[TASK DETAILS]: Could the records below please be retyped exactly, with their pictures left out?

[TASK INPUTS]:
________
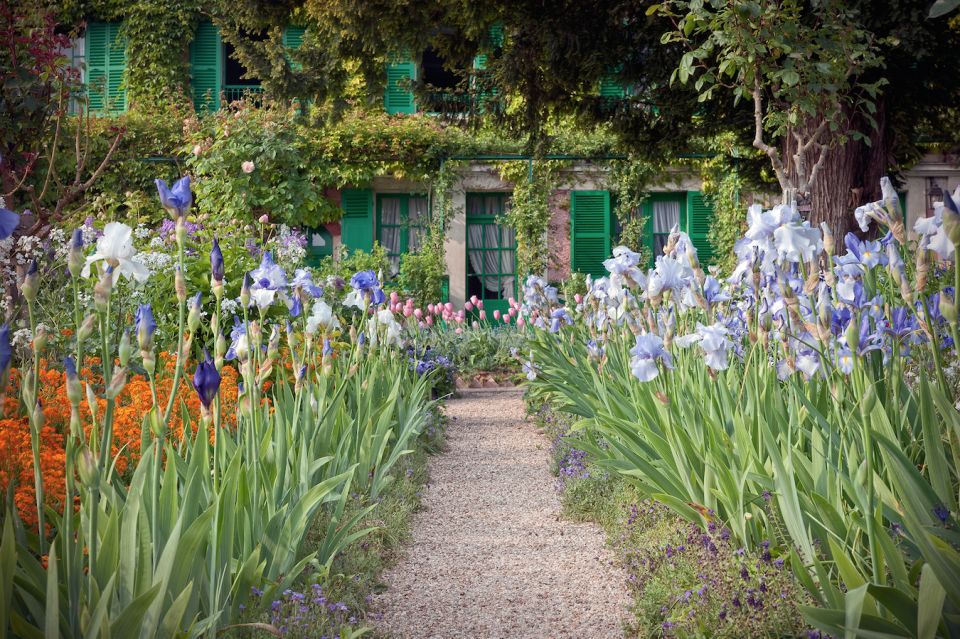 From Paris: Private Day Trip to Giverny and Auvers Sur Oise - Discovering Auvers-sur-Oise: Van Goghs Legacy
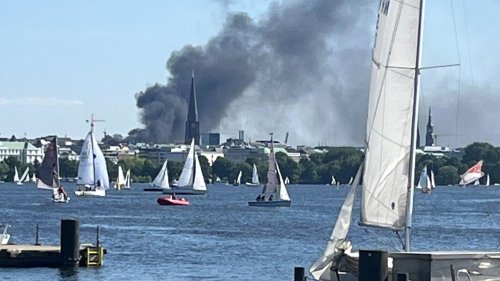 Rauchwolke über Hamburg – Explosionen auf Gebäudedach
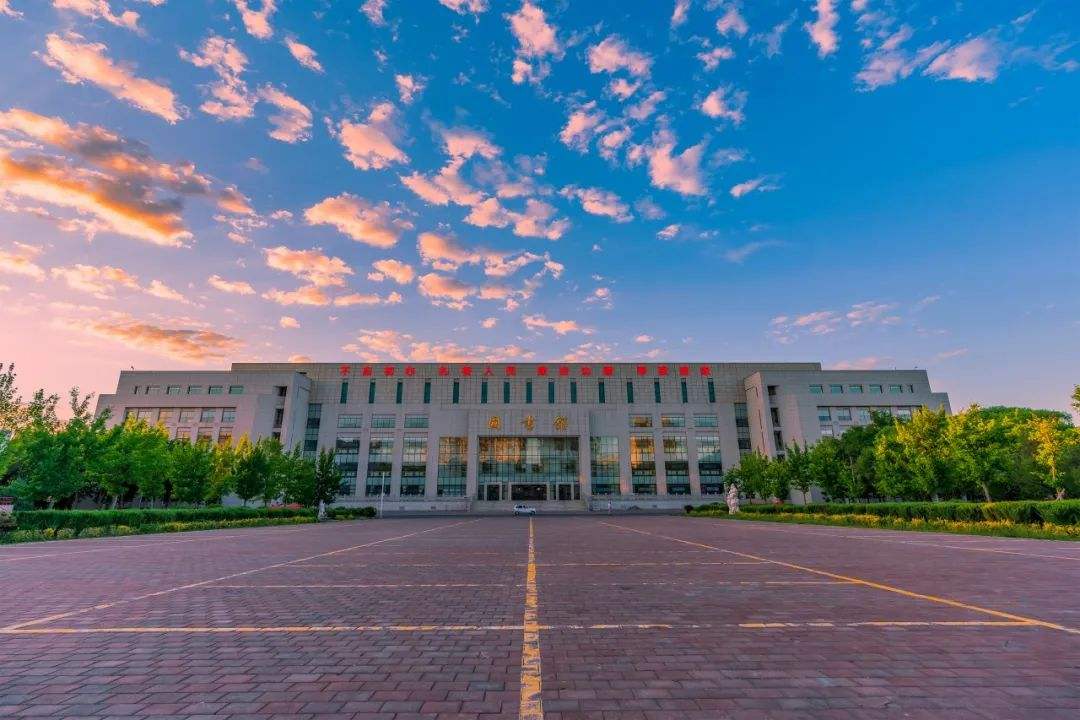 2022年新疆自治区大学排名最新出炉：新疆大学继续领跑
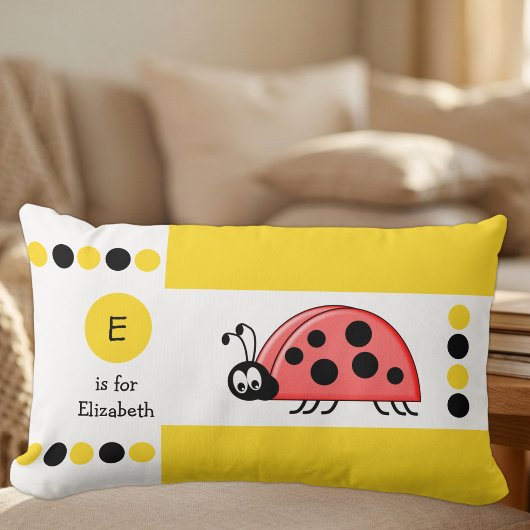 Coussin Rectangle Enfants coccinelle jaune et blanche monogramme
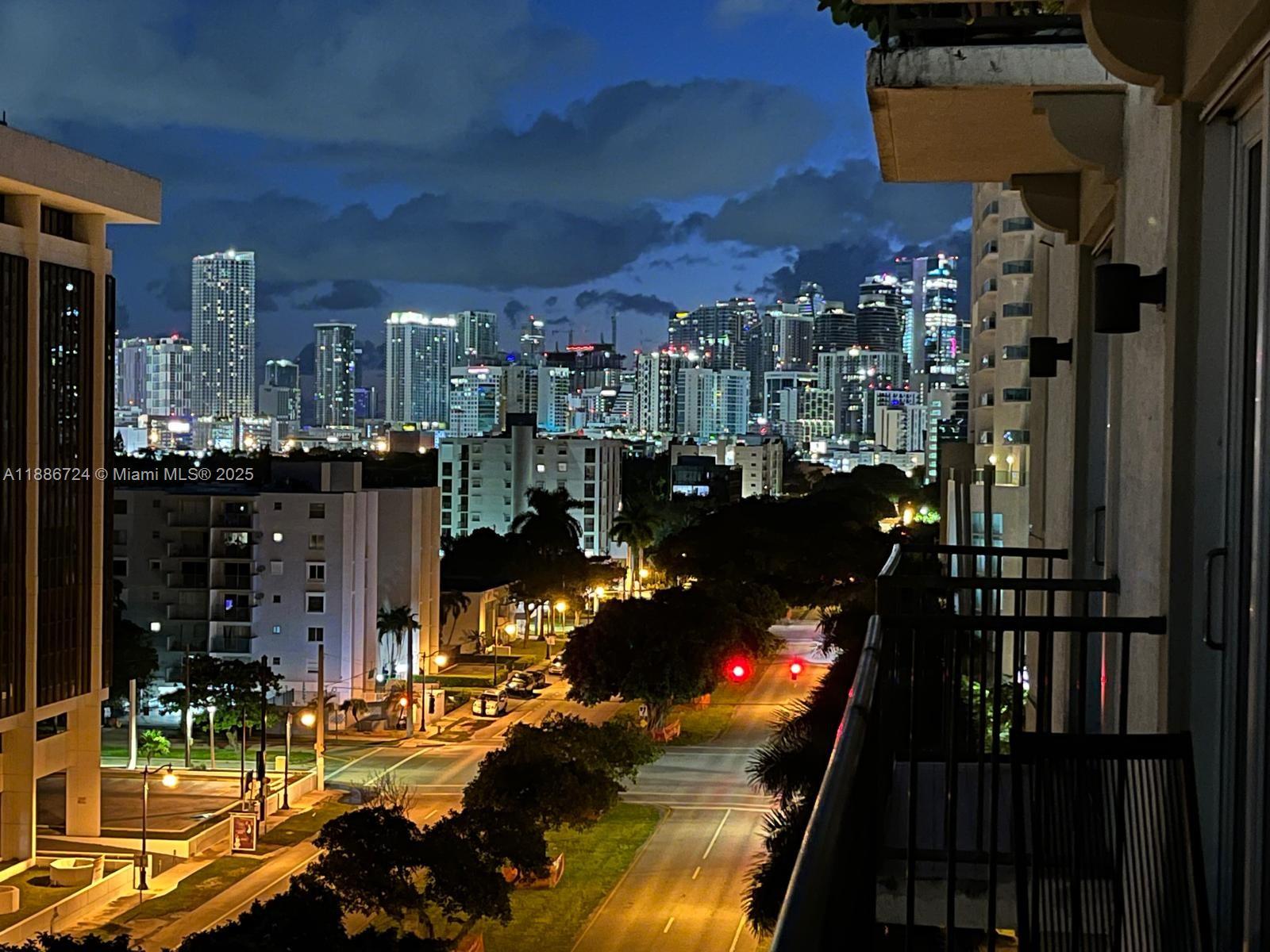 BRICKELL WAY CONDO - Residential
________
[RESULT OF THE TASK]:
 From Paris: Private Day Trip to Giverny and Auvers Sur Oise - Discovering Auvers-sur-Oise: Van Goghs Legacy
 Rauchwolke über Hamburg – Explosionen auf Gebäudedach
 2022年新疆自治区大学排名最新出炉：新疆大学继续领跑
 Coussin Rectangle Enfants coccinelle jaune et blanche monogramme
 BRICKELL WAY CONDO - Residential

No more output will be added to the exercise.